*Aim of the exercise*. The copy must hold exactly the lines from the one with "The Villainess Lives" through the end of the listing below, and nothing else, with no pictures.

*** Opening Exercise data ***

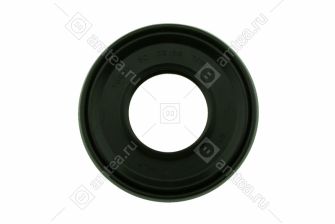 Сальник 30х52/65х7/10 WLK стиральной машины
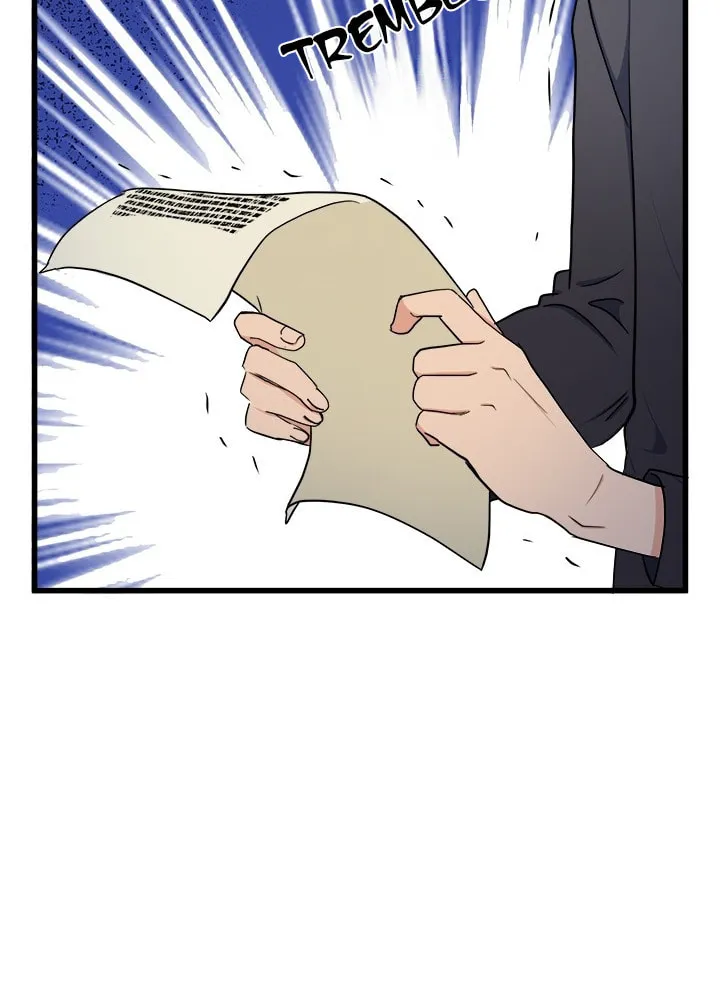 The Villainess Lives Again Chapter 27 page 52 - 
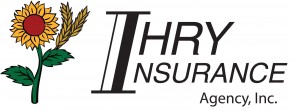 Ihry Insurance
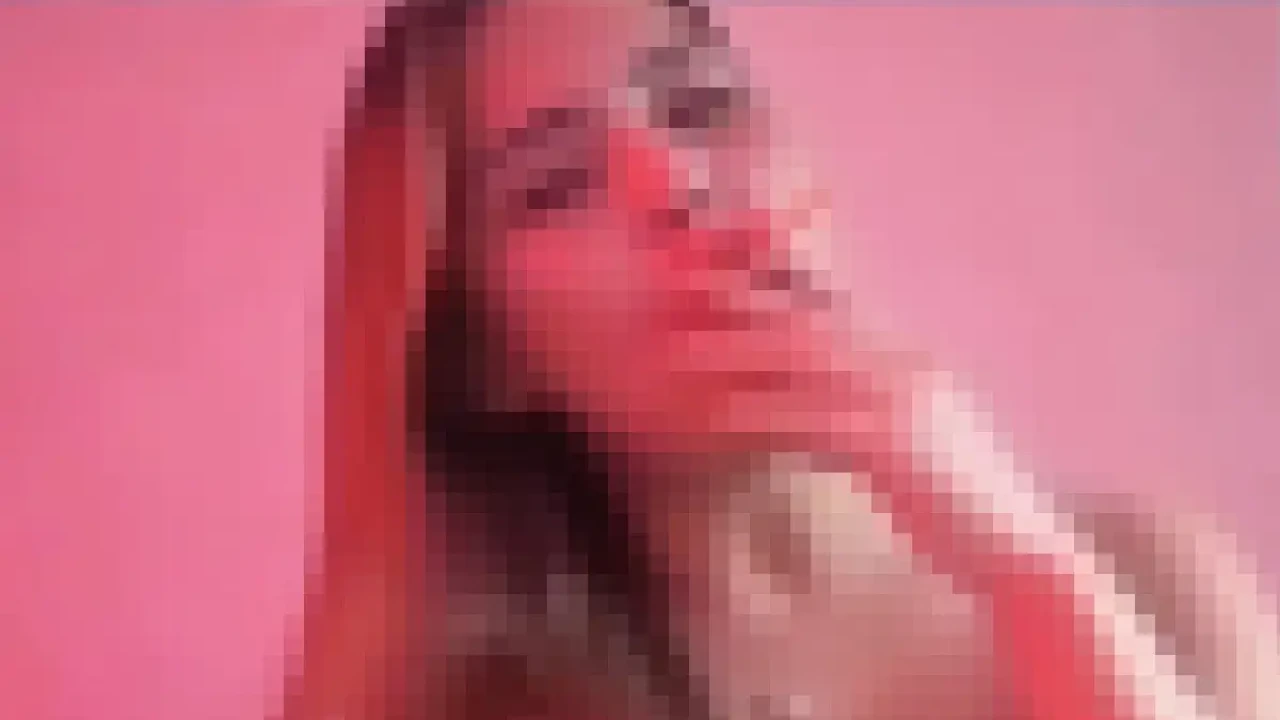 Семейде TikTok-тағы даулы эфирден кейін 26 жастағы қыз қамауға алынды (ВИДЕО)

*** Closing Exercise data ***

*Answer for this exercise*.
 The Villainess Lives Again Chapter 27 page 52 - 
 Ihry Insurance
 Семейде TikTok-тағы даулы эфирден кейін 26 жастағы қыз қамауға алынды (ВИДЕО)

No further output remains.